In the fall of 2015, I looked across the room in OSU’s Morandi Hall and saw this stranger tackling the densest block of hardwood I’ve ever seen. With a few basic hand tools and a couple of weeks, she coaxed it into the shape of the cosmic Van Allen radiation belt. The artist was Caroline Moses, and in the year and a half since, I’ve been fortunate enough to watch her work evolve up close. An artist of frightening dedication, Moses regularly transmutes a truly unique and unfettered perspective into works that are not only physically beautiful, but intensely personal. To a rather stunning degree, she achieves in her artwork an honesty that lives and breathes loudly on the surface, yet doesn’t spoon-feed or force a specific engagement.
“I want the work itself to ask questions of people, so a conversation can start,” said Moses, who in her current body of work is focusing on narratives related to obsessive-compulsive disorder. Though art dedicated to oft-marginalized topics can be overtly activist, that’s not the case here.

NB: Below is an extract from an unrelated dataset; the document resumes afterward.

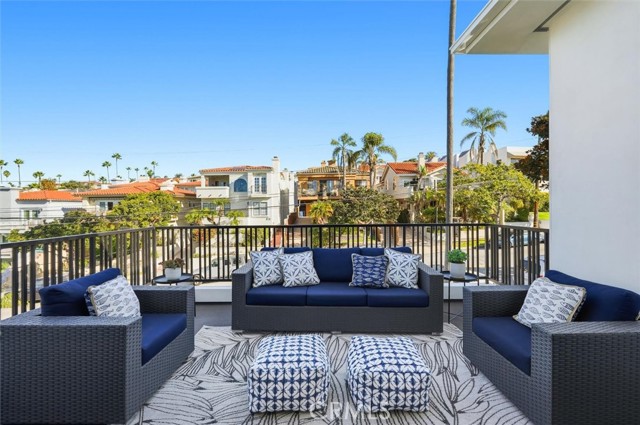 Detail Gallery Image 13 of 41 For 617 N Irena Ave a,  Redondo Beach,  CA 90277 - 4 Beds | 3/1 Baths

“It’s meant to nurture,” she added.
This nurturing extends not just to the viewer, but to the artist. Moses explained that where traditional therapy has failed, her practice has succeeded. I myself have found her work therapeutic for my own reasons, many of which highlight the importance of process. Her Instagram feed has provided a constant stream of hypnotic video loops, detailing small aspects of her tedious creations. Hundreds of wooden triangles being dropped rhythmically into a box, glue being methodically slicked across a surface like waves washing onto the beach. Mosaics constructed square by square. Process is a major part of art-making in general, but in Moses’ case it is nearly all-encompassing.
“The repetition is therapeutic for me. But it’s not just about that anymore. Cutting, placing, and painting all by hand, all in a particular order, has value to me. I could use a jig to cut each piece to match the last identically, but it feels more authentic when I’m addressing mental health and OCD specifically that each piece has its own character that mirrors compulsive behavior that is never exactly the same. So, after I make each individual piece by hand, I find myself finding my favorites among them and a sense of pride for the labor of the work. And when the project is finished I have something I find beautiful because of its imperfections,” she explained.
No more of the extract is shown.